DATA FOR ANALYSIS:
*-*-*

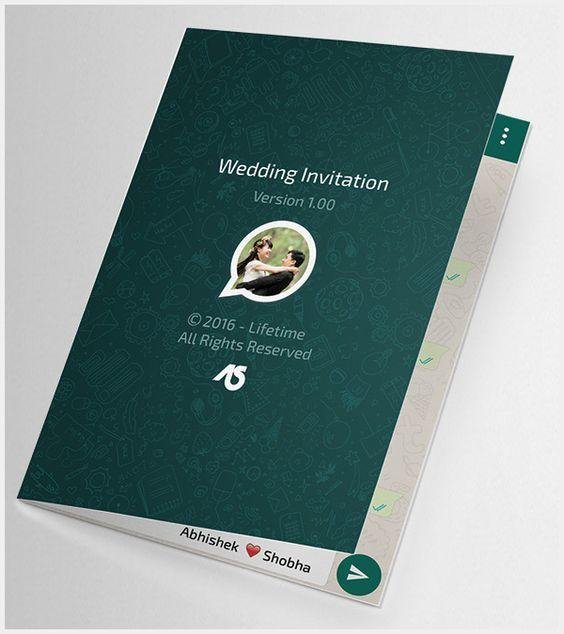 دعوة زواج-بطاقة دعوة زواج-تصميم دعوة زواج-كرت دعوة زواج-تصميم بطاقة دعوة زواج الكترونية-عبارات دعوة زواج-دعوة زواج الكترونية-دعوة الزواج-كروت زواج-طباعة كروت زواج-صور كروت زواج-كروت افراح-طباعة كروت افراح-محل كروت افراح-صيغة كروت افراح-تصميم كروت افراح-مطابع كروت افراح-كروت اعراس-كروت زفاف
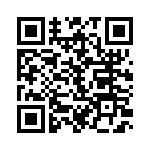 4455C-434-PDK QRCode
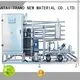 Trano beer pasteurizer machine factory for beer 1
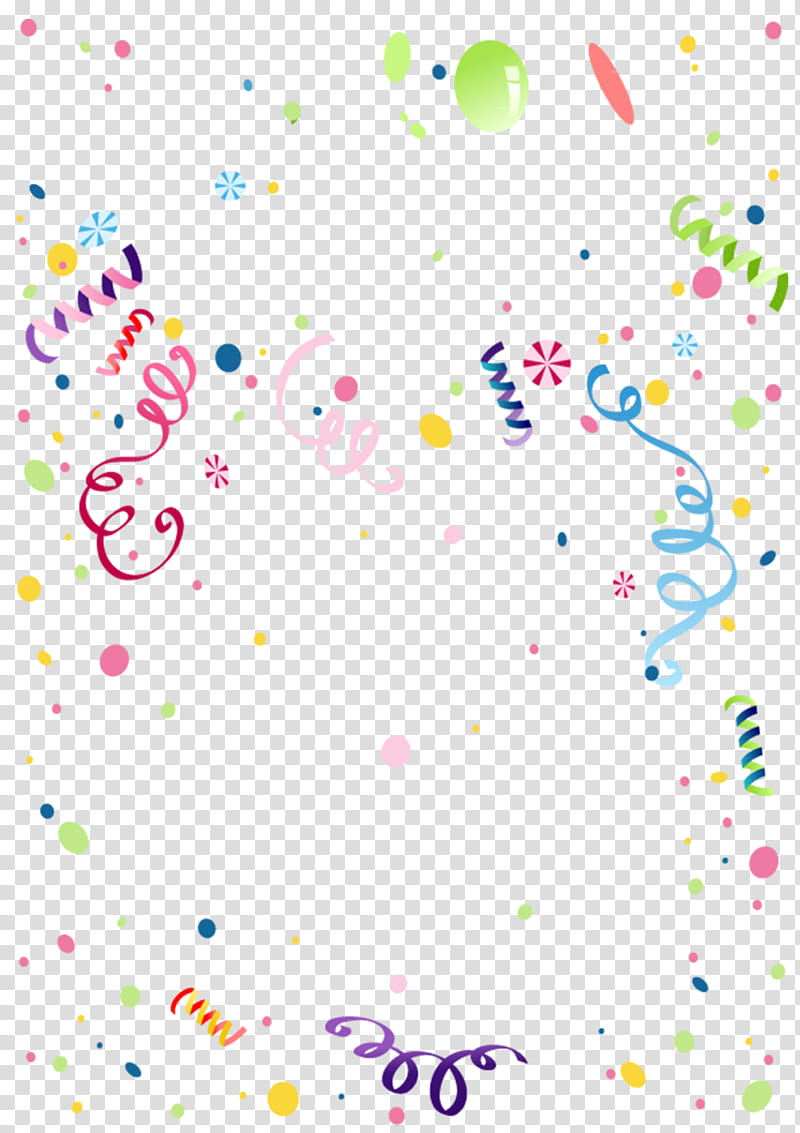 Happy Birthday Balloons, Birthday
, Party, PARTY BALLOON, Balloons Confetti, Festival, Greeting Note Cards, Ribbon transparent background PNG clipart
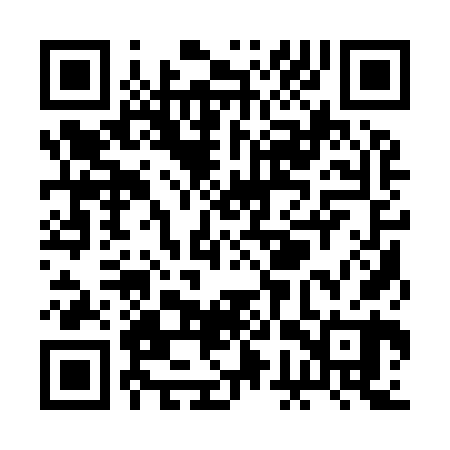 QR code for RGQ960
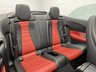 USED 2017 67 MERCEDES-BENZ E-CLASS 2.0 E220d AMG Line (Premium Plus) Cabriolet 2dr Diesel G-Tronic+ Euro 6 (s/s) (194 ps) 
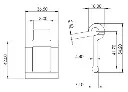 kb55_td.webp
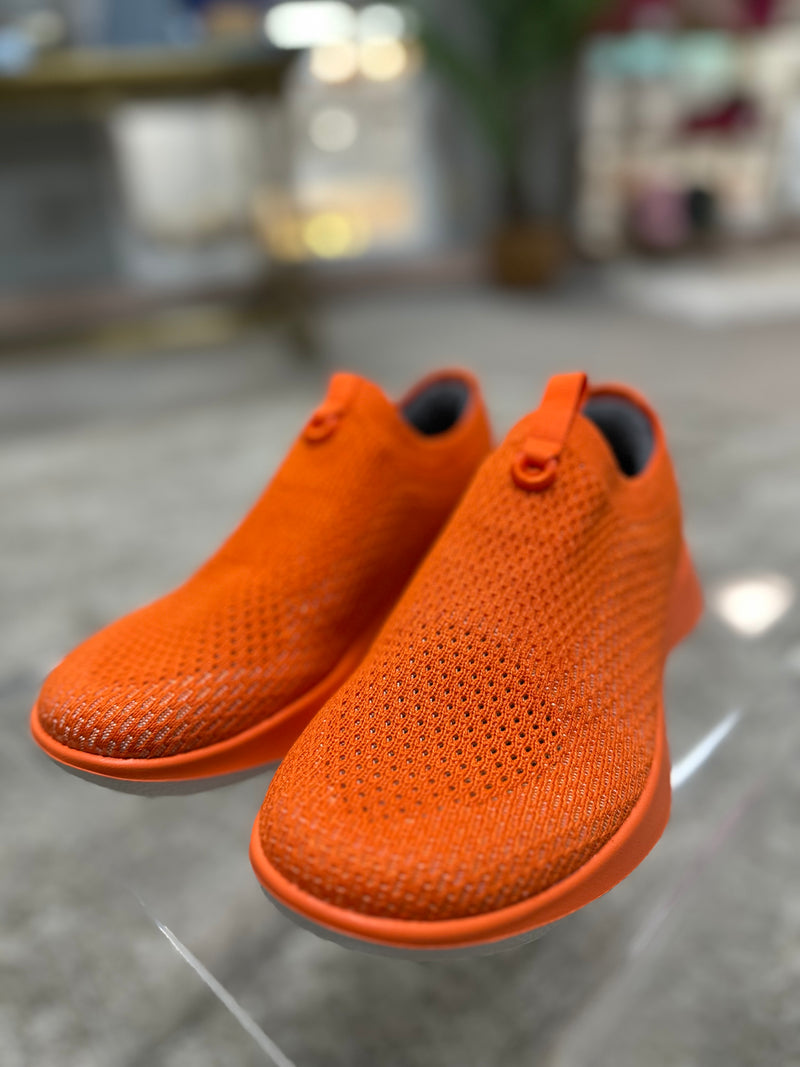 Allbirds Size 8 Shoes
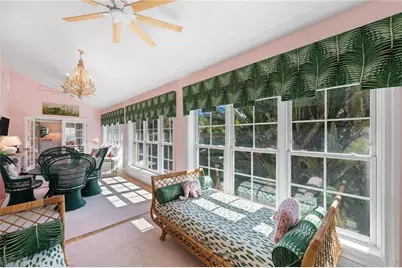 390 Windward Way, Naples, FL 34103 - Photo 31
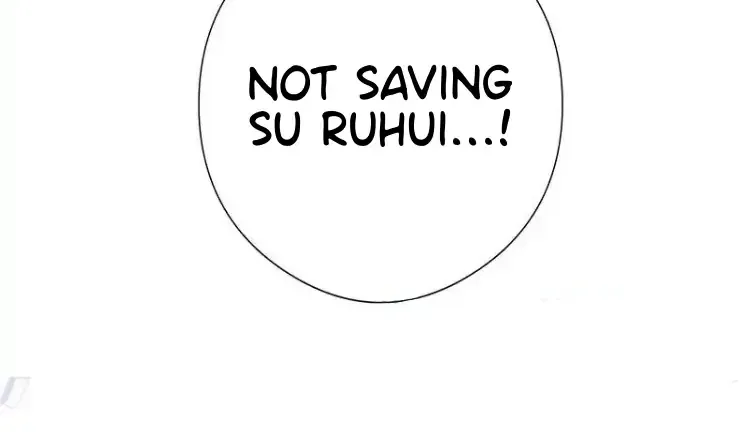 When I see snow Chapter 11 page 44 - 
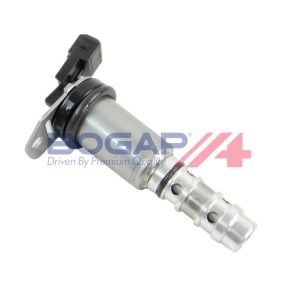 Manguera 11367843117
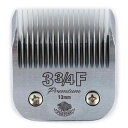 FURZONE ファーゾーン ペット用 BLADE A5 替刃 バリカン ブレード 犬 猫 トリミング 全身カット 替刃 SARGE 610/THOR A5 用...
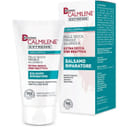 DERMOVITAMINA CALMILENE EXTREME BALSAMO RIPARATORE 40 ML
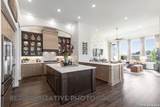 325 Dulce Vista - Photo 4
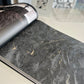 Black and Gold Marble Harmony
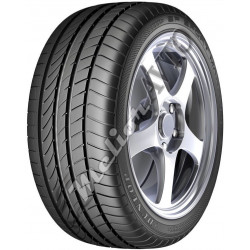 Купить Dunlop SP Sport Maxx TT 275/40 R19 101Y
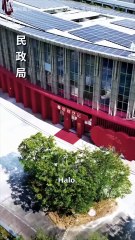 Ternyata suamiku menikah dengan adikku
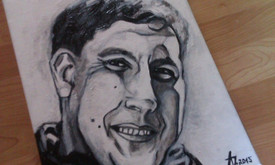 AJArt AJArt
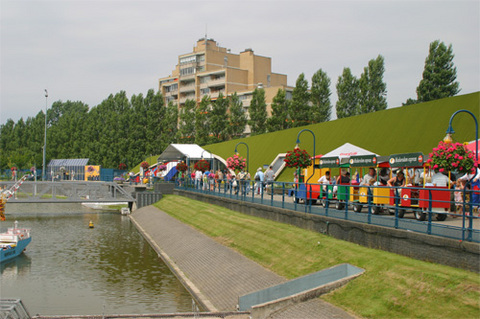 IMG_6788.jpg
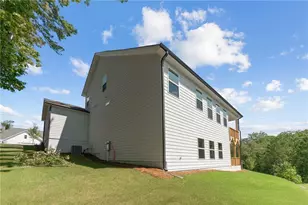 385 Riverwood Pass, Dallas, GA 30157 - Photo 20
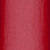 Vengeful Red
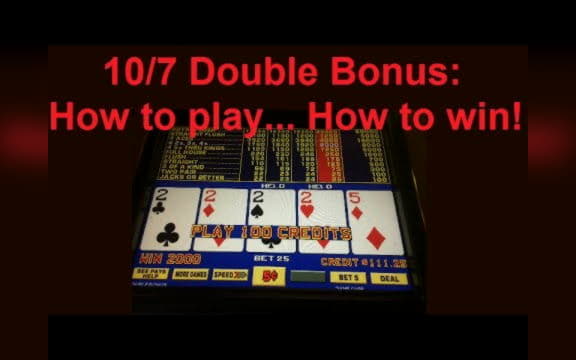 300 Free Spins no deposit casino at Vegas Paradise Casino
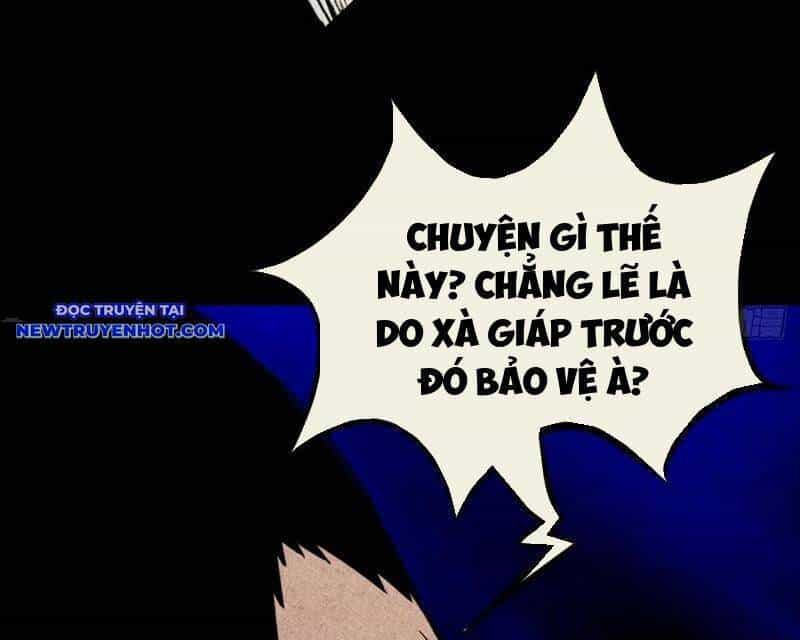 Đấu Yếm Thần - Chương 129 - ảnh 70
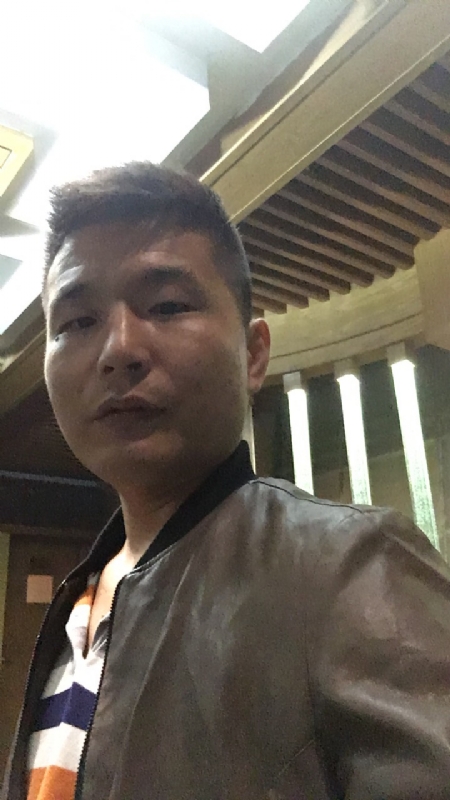 古月的第三张照片--安庆相亲服务中心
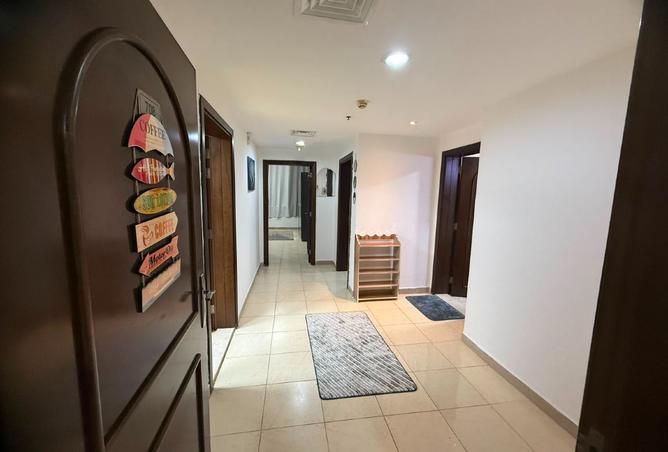 118146310 - Property Main Image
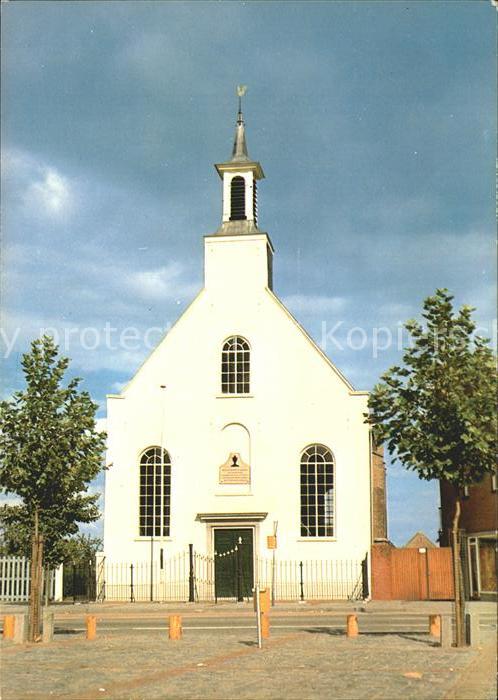 Terheiden Hotel Cafe Restaurant De Louden Leeuw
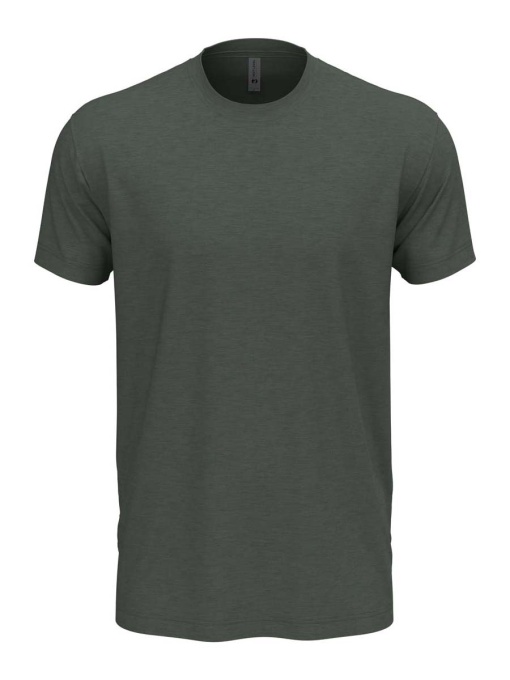 NL™ N6010 Unisex Tri-Blend T-shirt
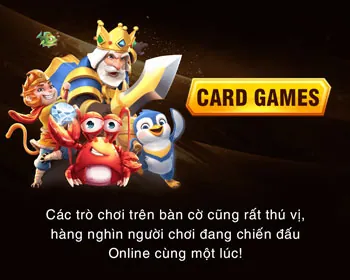 Nền tảng bảo mật debet nổ hũ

*-*-*

TASK TO COMPLETE: Leave out the pictures, and please output only the lines from the line that contains "IMG_6788.jpg" through the end of the data, both ends included.

EXERCISE ANSWER:
 IMG_6788.jpg
 385 Riverwood Pass, Dallas, GA 30157 - Photo 20
 Vengeful Red
 300 Free Spins no deposit casino at Vegas Paradise Casino
 Đấu Yếm Thần - Chương 129 - ảnh 70
 古月的第三张照片--安庆相亲服务中心
 118146310 - Property Main Image
 Terheiden Hotel Cafe Restaurant De Louden Leeuw
 NL™ N6010 Unisex Tri-Blend T-shirt
 Nền tảng bảo mật debet nổ hũ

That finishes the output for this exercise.